Josiah Harrison’s skills add up to a promising future in baseball
Fred Jeter | 5/27/2021, 6 p.m.
According to baseball math, power plus speed equals Josiah Harrison.
The Trinity Episcopal School junior centerfielder ranked this spring with the area’s leaders in two prominent categories, home runs and stolen bases.
“Josiah’s very talented, very athletic,” said Titans Coach Tim Merry. “He definitely has the potential to play beyond high school.”
Through Trinity’s first 21 games this season, the 6-foot, 170-pound right-hander had six home runs (in 55 times at bat) while swiping 15 bags.
Overall, he was hitting .436 with 20 runs batted, 20 runs tallied, 15 walks and a whop- ping .612 on-base percentage.
At one point, Harrison stroked 11 straight hits for the private Prep League school located on the scenic south bank of the James River.
He also excels with the glove, covering plenty of real estate with his swift stride. He is equally adept at keeping baserunners honest with a lively throwing arm.
“I feel good about my game now, but I can always do better,” Harrison said. “I’ll continue to work on my craft.”
Away from the high school competition, Harrison impressed with his skill set at the Mid-Atlantic Prep Baseball Ratings Summer
Championships in 2020. Still 16 at the time, he ran the 60-yard dash in 6.78 seconds and clocked 93 mph on his throw from the outfield. He registered a 97 mph exit speed with the ball coming off the bat barrel.
Hitting mostly third in Coach Merry’s lineup, Harrison relishes the dual roles of slugging balls beyond fences and beating throws to the bags.
“Mostly I kind of think of myself as the long-ball hitter, but I’m kind of speedy, too,” he said with a chuckle.
Trinity’s well-manicured diamond has unusual dimensions. It’s a standard 300 feet or so to dead left and 350 to center, but just 265 to right.
Harrison said he has avoided the temptation of altering his swing to take advantage of the “short porch.”
“I really don’t,” he said. “My best power is to centerfield.”
Coach Merry adds, “Josiah can hit it to all fields.”
The 17-year-old son of Daphne and Miller Harrison transferred to Trinity this term after two seasons at Clover Hill High School in Midlothian.

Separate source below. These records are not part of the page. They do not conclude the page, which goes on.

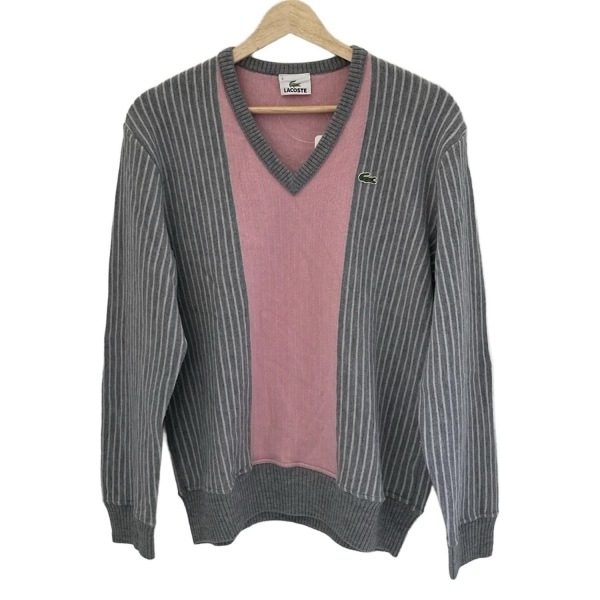 ラコステ Lacoste 長袖セーター/ニット サイズ5 XL - グレー×ピンク×ライトグレー メンズ Vネック/ストライプ トップス_画像1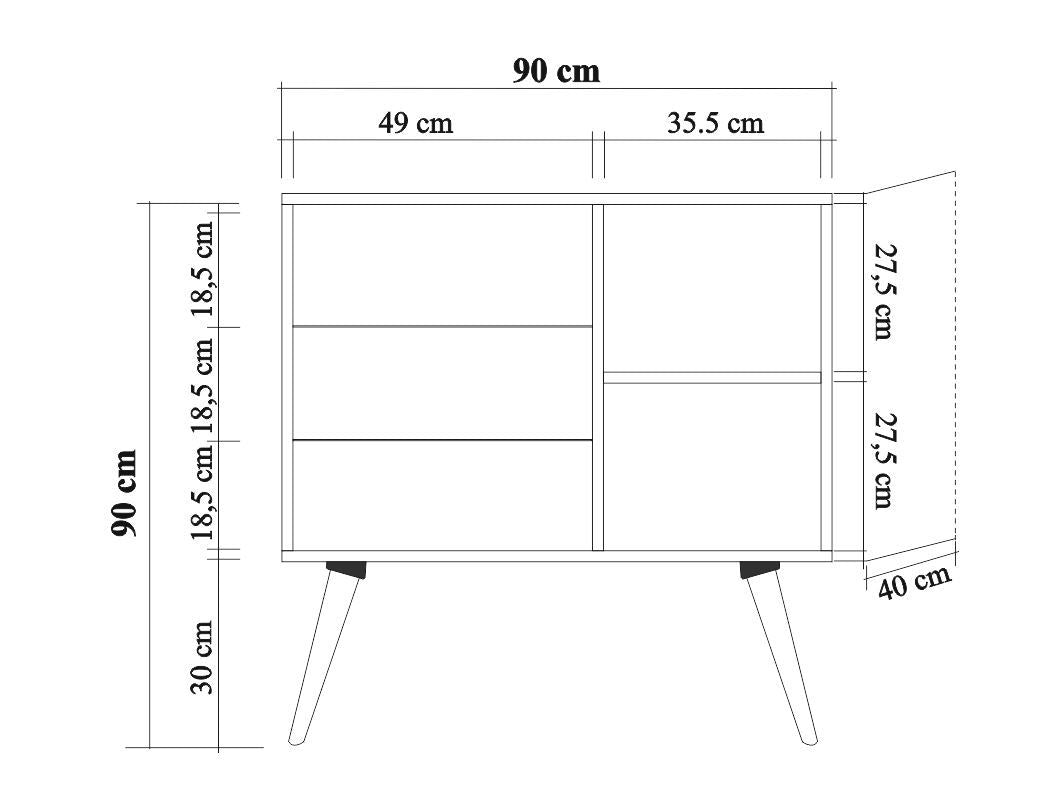 Ladekast Verybox Sonoma Eik Melamine 90x90x40 cm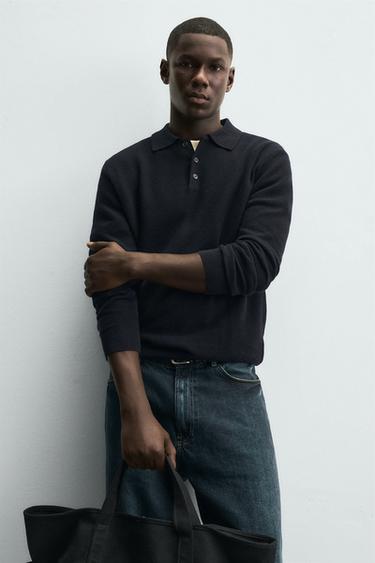 COTTON/LYOCELL KNIT POLO SHIRT - Navy blue by Zara - Image 5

In a heartbeat, the young athlete who answers to “Jo” and “Jo Jo,” was welcomed by the baseball coaching staff.
“The first I heard of (the transfer) was when Sam Mickens in admissions told me,” Coach Merry said. “It was good news.”
Mickens is also Trinity’s football coach and an assistant baseball mentor.
Harrison has a strong family tree academically and athletically. Both parents are engineers and former track and field performers at Virginia State University.
The end to Trinity’s baseball season is little more than a third of the way through Harrison’s nine-months-a-year baseball experience. This summer and fall, he will compete on the high-profile Evoshield Canes North travel team, also coached by Coach Merry.
The Canes are entered in tournaments with some of the best teams up and down the East Coast.
Now Harrison hopes to continue to shine on the travel circuit just as he has for Trinity.
If successful, it should add up to an abundance of college scouting interest in the coming months.